JCU’s unbelievable next project

this column is fake, but the administration is making some very real and concerning decisions

credit: @johncarrollu on instagram

this column is fake, but the administration is making some very real and concerning decisions

Mal Fisher, Diversions Editor

With the anticipated success of the field house replacing Millor Hall and the remarkable progress of the seventy-year renovation of Grasselli Library and Breen Learning Center, many members of the JCU community are anxiously asking one question: what pricy project will the administration approve next?

Let’s be open and honest: all of JCU is begging for some new renovations. Project Gateway cannot get here fast enough and this beautiful campus needs new construction cones and fences. The recent projects of Dolan and Pacelli Halls clearly indicate increased interest in JCU and absolutely have not signaled a decline in enrollment numbers. 

To welcome the anticipated influx of students, the Board approved the destruction of an entire residence hall to demonstrate that incoming students are more interested than ever in living on campus. A four-year housing requirement, given the flattering name “university sponsored housing,” is sure to bring students running through the door. 

For as long as memory serves, the administration has brazenly served the interests of the community and not itself. And according to new unconfirmed rumors, the Board has approved its most recent (and most ambitious) plan to date. Coming in the fall of 2025, Grasselli tower, the centerpiece of Saint Ignatius Hall (formerly the Administration Building) is being leveled to create additional parking for all the students expected to be attracted by the field house and library. 

The powers that be view the real estate occupied by the bell tower as untapped potential. Given their impeccable track record of great decisions, this journalist must assume that they notice something that my untrained eyes cannot yet see. While this will make the next four years uncomfortable for current students, the administration considers it necessary to build inspired futures, just not our futures. 

With these revolutionary renovations, JCU’s decision makers expect to raise the average enrollment to match Case Western’s roughly 5,000 students. In fact, some statisticians predict that the Blue Streaks will be rebranded as “the Spartans” by the late 2020s. 

“I think it’s awesome,” one community leader claimed. “It really fits the recent name change.” 

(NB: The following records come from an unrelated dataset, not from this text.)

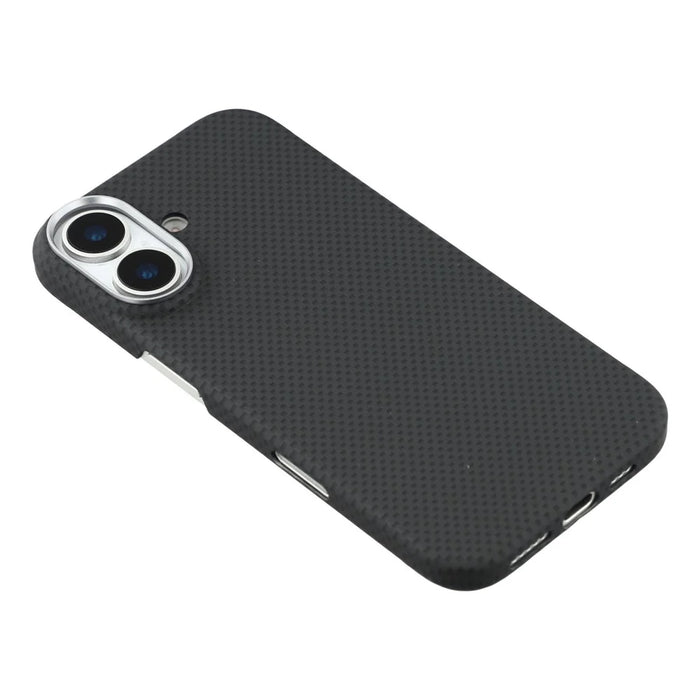 X-LEVEL For iPhone 17 Case Compatible with MagSafe Carbon Nanofiber + Metal Lens Frame Phone Cover - Black - 4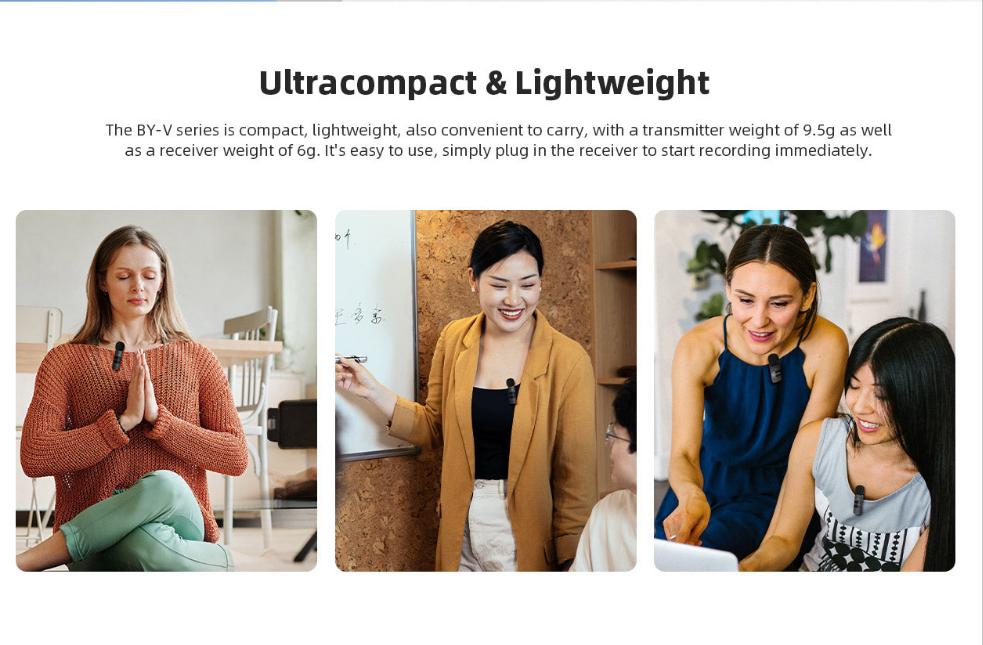 BOYA BY-V1 Wireless Lavalier Microphone for iPhone - The Camerashop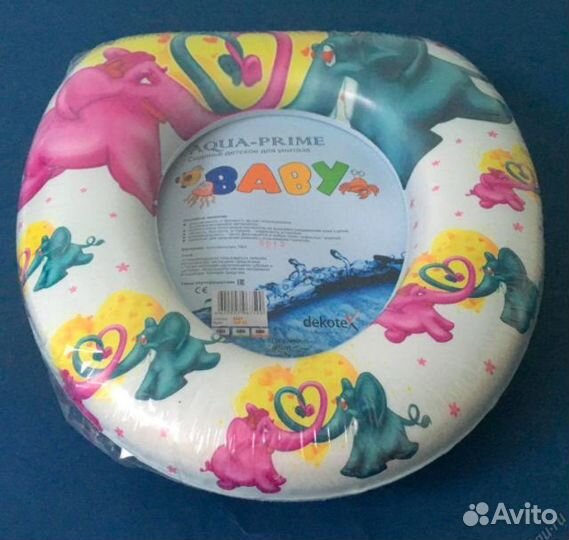 Детский адаптер туалетный мягкий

Many members of the JCU community are finding it hard to argue with such convincing testimony. Though Grasselli tower has stood for almost 100 years, the administration focuses its attention on the next five years, and this publication has nothing but admiration for such diligence, circumspection and integrity. 

Early reports estimate that the new parking spots will be roughly 95% faculty/staff only, leaving an entire 5% for students. JCUPD has welcomed the responsibility to strictly enforce these parking accommodations. This comes as good news to JCU parking who, based on recent data, hands out roughly twice as many parking passes as available parking spots for students. As the student population begs for more renovations, TCN hopes for the chance to report on construction for decades to come.